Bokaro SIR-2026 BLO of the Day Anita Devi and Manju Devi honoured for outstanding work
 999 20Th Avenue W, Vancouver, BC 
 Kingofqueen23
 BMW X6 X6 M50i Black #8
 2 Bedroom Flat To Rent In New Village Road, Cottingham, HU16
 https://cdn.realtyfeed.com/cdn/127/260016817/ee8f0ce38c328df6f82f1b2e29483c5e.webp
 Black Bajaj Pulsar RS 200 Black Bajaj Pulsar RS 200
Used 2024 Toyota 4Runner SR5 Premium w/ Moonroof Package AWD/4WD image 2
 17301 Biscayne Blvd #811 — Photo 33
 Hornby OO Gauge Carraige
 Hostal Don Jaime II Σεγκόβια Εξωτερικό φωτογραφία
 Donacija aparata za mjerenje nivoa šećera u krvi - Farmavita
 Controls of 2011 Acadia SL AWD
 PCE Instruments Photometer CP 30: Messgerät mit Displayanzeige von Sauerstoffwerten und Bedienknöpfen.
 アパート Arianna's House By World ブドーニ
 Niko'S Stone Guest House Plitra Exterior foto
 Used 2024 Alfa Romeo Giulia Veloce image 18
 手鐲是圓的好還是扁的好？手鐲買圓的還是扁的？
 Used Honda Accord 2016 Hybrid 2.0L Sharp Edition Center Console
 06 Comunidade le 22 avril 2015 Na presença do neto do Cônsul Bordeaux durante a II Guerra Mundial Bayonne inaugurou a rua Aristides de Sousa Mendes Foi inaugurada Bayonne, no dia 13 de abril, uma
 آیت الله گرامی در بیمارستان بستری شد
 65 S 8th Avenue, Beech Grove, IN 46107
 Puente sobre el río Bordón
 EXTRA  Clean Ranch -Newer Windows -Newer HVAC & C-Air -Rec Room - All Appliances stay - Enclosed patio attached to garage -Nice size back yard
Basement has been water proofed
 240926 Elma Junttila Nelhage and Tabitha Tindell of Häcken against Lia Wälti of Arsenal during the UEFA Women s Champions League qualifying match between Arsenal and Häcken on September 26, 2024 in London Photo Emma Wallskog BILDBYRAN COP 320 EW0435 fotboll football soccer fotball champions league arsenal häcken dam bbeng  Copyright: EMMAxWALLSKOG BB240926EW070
══════════════════════════════
WHAT THE TASK REQUIRES: Out of the data above, set down the lines from the one with "Kingofqueen23" to the one with "Hostal Don Jaime", both included, exactly as written and with no additions.

RESPONSE TO THIS EXERCISE:
 Kingofqueen23
 BMW X6 X6 M50i Black #8
 2 Bedroom Flat To Rent In New Village Road, Cottingham, HU16
 https://cdn.realtyfeed.com/cdn/127/260016817/ee8f0ce38c328df6f82f1b2e29483c5e.webp
 Black Bajaj Pulsar RS 200 Black Bajaj Pulsar RS 200
Used 2024 Toyota 4Runner SR5 Premium w/ Moonroof Package AWD/4WD image 2
 17301 Biscayne Blvd #811 — Photo 33
 Hornby OO Gauge Carraige
 Hostal Don Jaime II Σεγκόβια Εξωτερικό φωτογραφία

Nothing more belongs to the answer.